# Bumblebee goby care?



## jeff158 (May 27, 2009)

I just saw some bumble bee gobys and i was wondering if they are hard to feed because ive been reading they wont eat anything but live food. Any help is appreciated


----------



## AquariAM (Jan 28, 2010)

They will take decent quality frozen worms and often other soft frozen foods. Some can be trained to take pre-soaked pellets. They should really be kept in brackish water monitored with a hydrometer. They're not really difficult. Just get a bucket of instant ocean and an instant ocean hydrometer (a refractometer would be better but since brackish fish come from variable conditions the slight variation and innacuracy from the hydrometer won't matter) and keep it at about 1.015 specific gravity (it's self explanatory once you get the equipment). Filter it like a normal freshwater tank. Careful what you keep them with because they can't really defend themselves. May be a nice thing to do for a little species tank.


----------



## KhuliLoachFan (Mar 8, 2008)

There are two different species sold under the same common name. One is a true brackish species, and the other is natively freshwater, but euryhaline (tolerant of brackish). The one that is true-brackish will die if you don't keep it at least at 1.005 sg (sg ="specific-gravity"). The reasonable mid-brackish 1.015 sg that AM mentions is the general sweet-spot for most brackish species.

To tell the difference on your fish look at the bands. If at least one band is broken in appearance, you have the brackish-only species. They are all kept at the fish store in fresh-water, which is of course, bad for it. You need to bring it up slowly to low-brackish over several weeks time.

(Incidentally, I keep my brackish goby with a brackish puffer, and they get along great. Mine bumblebee gobies do NOT accept anything but blood-worms. Not even other frozen foods. I have had no luck training mine to eat any other foods.)

W


----------



## jeff158 (May 27, 2009)

thanks guys, also how much better is keeping them in brackish compared to fresh? and will they eat adult frozen brineshrimp?


----------



## AquariAM (Jan 28, 2010)

jeff158 said:


> thanks guys, also how much better is keeping them in brackish compared to fresh? and will they eat adult frozen brineshrimp?

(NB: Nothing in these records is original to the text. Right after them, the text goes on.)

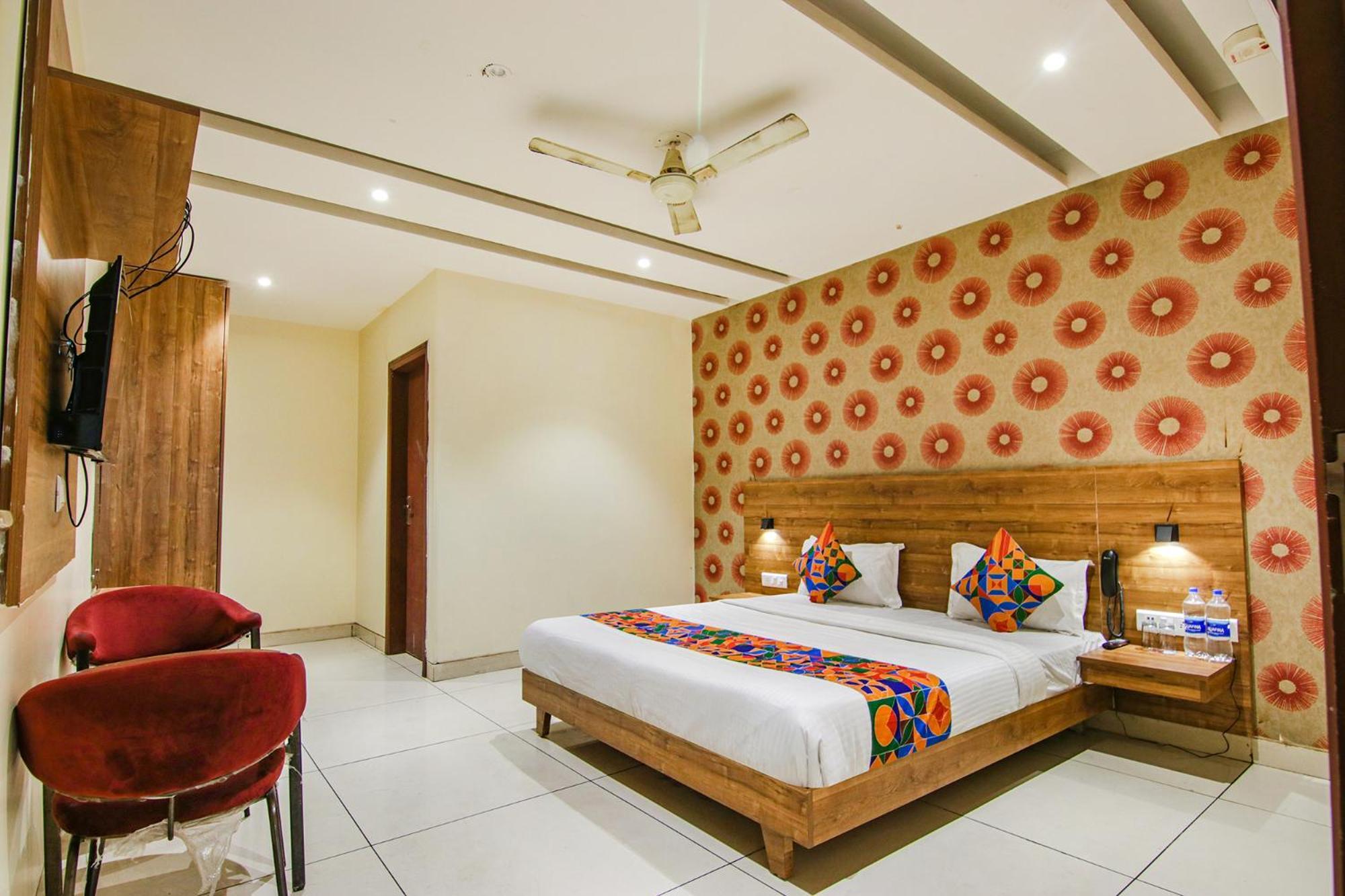 ניו דלהי Fabhotel Golden Glory מראה חיצוני תמונה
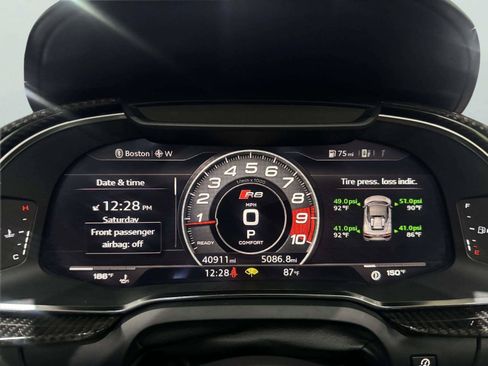 Used 2017 Audi R8 V10 w/ Carbon Exterior Package AWD/4WD image 43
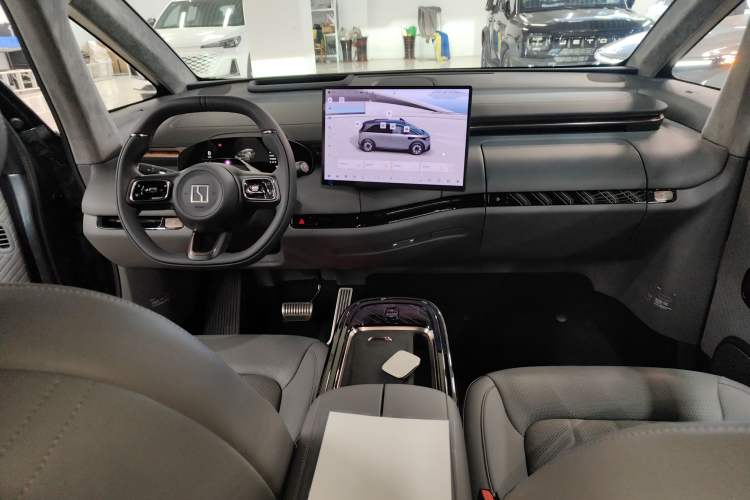 Used Zeekr MIX 2025 Long-Range Intelligent Driving Edition Center Console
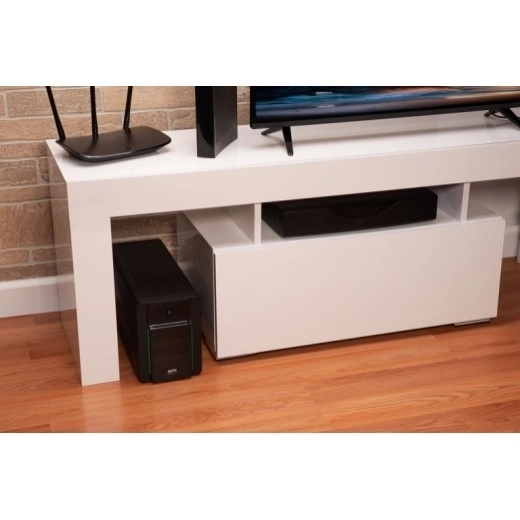 Source de secours APC Easy-UPS 2200VA, 230V avec AVR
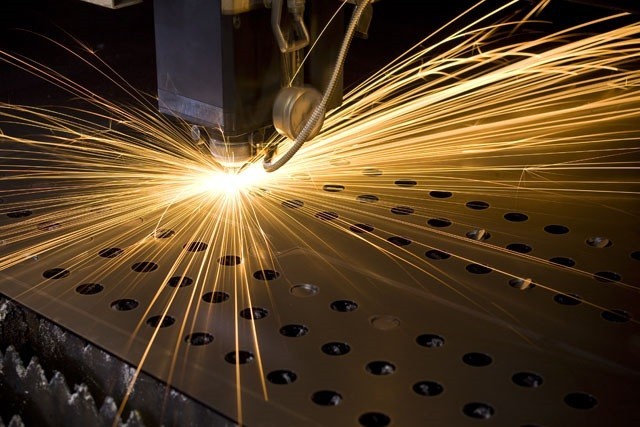 Corte a laser de chapas metálicas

Both of these questions were answered 

*There are two different species sold under the same common name. One is a true brackish species, and the other is natively freshwater, but euryhaline (tolerant of brackish). The one that is true-brackish will die if you don't keep it at least at 1.005 sg (sg ="specific-gravity"). The reasonable mid-brackish 1.015 sg that AM mentions is the general sweet-spot for most brackish species.

To tell the difference on your fish look at the bands. If at least one band is broken in appearance, you have the brackish-only species. They are all kept at the fish store in fresh-water, which is of course, bad for it. You need to bring it up slowly to low-brackish over several weeks time.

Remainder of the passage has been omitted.